To give you an idea. I dealt with such algorithm in the 90s. We could determine nonconvergence when the denominator became 0. So in order to prevent a "division by 0" error, which normally crashed the entire machine, not just the process ( floating point processor here ), we had tons of "defensive code"... conditionals that would check that the denominator was NOT 0 and then traverse a whole bunch of "return ERR" conditions as the algorithm unwound itself to the last node that was processed.

But our top of the line Sun Microsystems cores were taking 28 hours to process 24 hours of data... so we decided to remove all of the defensive code, implement a trap for the DIV-0 interrupt, and come out with some kind of checkpointing mechanism. In essence, what I did ( I designed and wrote this ) was to implement a checkpoint at every node... leaving a bread crumb so we knew the state at the node. If we took a DIV-0 interrupt we'd just continue at the latest checkpoint and we took a different path from the last time around.

I was able to take those 28 hours down to 18!

Sure, today our cores are much faster... BUT... we are tackling more complex, more dynamic solutions. So, the demand for computing is definitely there.

And just to blow your mind, if you're following, most of this is floating point calculations! You got to take into account accuracy and errors, the precision of the calculations and added errors... so equality is never exact! Floating point arithmetic is very cumbersome!
 
  • Like
Reactions: cumbb
But seriously, I am flattered that you even considered that I might be following! 👍

I tried to explain it carefully so that a reasonably intelligent person would understand it.

I know Scots can be intelligent... (*) my Linn LP12 is made in Scotland.

I had to take the design through a peer review... trust me, my managers and peers in that project were middle aged oriental-american ladies ( engineers ) and they were tough as nails with their questions.
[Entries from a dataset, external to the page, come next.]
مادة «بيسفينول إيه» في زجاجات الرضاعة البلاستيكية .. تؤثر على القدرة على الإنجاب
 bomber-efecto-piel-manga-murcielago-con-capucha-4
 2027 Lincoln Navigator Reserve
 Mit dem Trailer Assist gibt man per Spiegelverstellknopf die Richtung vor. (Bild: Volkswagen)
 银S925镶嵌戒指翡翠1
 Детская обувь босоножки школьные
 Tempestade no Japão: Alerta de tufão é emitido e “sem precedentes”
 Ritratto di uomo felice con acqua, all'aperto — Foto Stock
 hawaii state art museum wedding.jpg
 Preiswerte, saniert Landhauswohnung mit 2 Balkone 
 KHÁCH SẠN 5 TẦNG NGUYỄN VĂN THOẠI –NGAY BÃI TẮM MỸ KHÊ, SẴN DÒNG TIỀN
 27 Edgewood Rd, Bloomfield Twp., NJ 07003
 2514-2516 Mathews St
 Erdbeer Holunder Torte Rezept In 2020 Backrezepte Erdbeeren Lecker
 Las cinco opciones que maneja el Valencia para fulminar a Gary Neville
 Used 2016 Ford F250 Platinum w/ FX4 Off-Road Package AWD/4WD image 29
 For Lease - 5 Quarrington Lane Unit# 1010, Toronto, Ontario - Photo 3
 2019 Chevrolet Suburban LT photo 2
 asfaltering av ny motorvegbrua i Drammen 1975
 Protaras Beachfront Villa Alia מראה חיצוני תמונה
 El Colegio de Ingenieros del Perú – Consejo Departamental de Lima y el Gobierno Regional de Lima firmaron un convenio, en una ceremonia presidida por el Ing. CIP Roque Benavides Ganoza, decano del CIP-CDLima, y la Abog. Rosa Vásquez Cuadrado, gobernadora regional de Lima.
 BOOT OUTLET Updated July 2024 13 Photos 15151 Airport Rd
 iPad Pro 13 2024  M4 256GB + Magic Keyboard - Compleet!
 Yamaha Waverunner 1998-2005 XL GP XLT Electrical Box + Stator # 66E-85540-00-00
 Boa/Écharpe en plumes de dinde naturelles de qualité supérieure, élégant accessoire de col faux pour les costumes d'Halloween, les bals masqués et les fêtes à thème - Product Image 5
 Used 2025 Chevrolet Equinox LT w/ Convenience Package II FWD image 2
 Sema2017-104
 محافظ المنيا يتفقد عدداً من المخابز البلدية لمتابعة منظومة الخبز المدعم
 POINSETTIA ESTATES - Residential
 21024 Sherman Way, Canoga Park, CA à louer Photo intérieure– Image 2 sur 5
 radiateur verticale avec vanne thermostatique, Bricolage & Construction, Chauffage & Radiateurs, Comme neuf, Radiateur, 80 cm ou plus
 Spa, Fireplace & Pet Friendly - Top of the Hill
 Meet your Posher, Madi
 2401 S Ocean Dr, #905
I wanted to dispose of them in a very prejudiced manner.... " I'm throwing pearls in front of swine!! "

But afterwards they signed off on the design, gave me a "good job" sign, and we went for lunch at a local Hunan restaurant ( this was while working at a very well known Pasadena Lab ) down La Cañada.

(*) hehehehe...
 
… 28 hours down to 18 ...

It is always satisfying when you get such a speed up, I have 2 i remeber fondly. 1, a small piece of code optimized in assembler (really early 80286), and gained orders of magnitude improvement.

And the other was a HUGE (object oriented) spreadsheet where i was coached by an accountant exactly how to do a forcast to spec tha passes muster by those types. He had me implenent a scaler object for each month. So a large number of tables with 120 active single cells. When i was freed from him, and with the same exact logic converted to 12x10 matrices and also gained order sof magnitude (from like an hour, to minutes (68020).

Floating point arithmetic is very cumbersome!

I wrote a set of 32 bit floating point algorithms in 6809 assembler. Fun.

dave
 
  • Like
Reactions: tonyEE
@planet10

Yeah, those accountants.

I had a gig once at Teradata. We were doing the Unix port. So I took the SQL course we offered our customers.

Looking through the syntax, I figured out how to optimize it... so there was this example SQL report that took like a minute to run. I optimized it to under 750 msecs.... mosty by using those temporary tables as local storage "variables". SQL is actually an interesting thing if you look at it as a "language" not a "script".

So, the next day I went into the class and I demo'd it. The teacher was impressed.

The rest of the students.. you now, the clip on tie polyester "business programmers" didn't care. One of them said that if the reports ran under 10 minutes people were happy so why think about it?

I didn't last much doing SQL support.
...
I never touched the 6809, I touched the 6502, Z80, 8086, 6800, 68000, etc... Motorola did have excellent processors. Until ARM.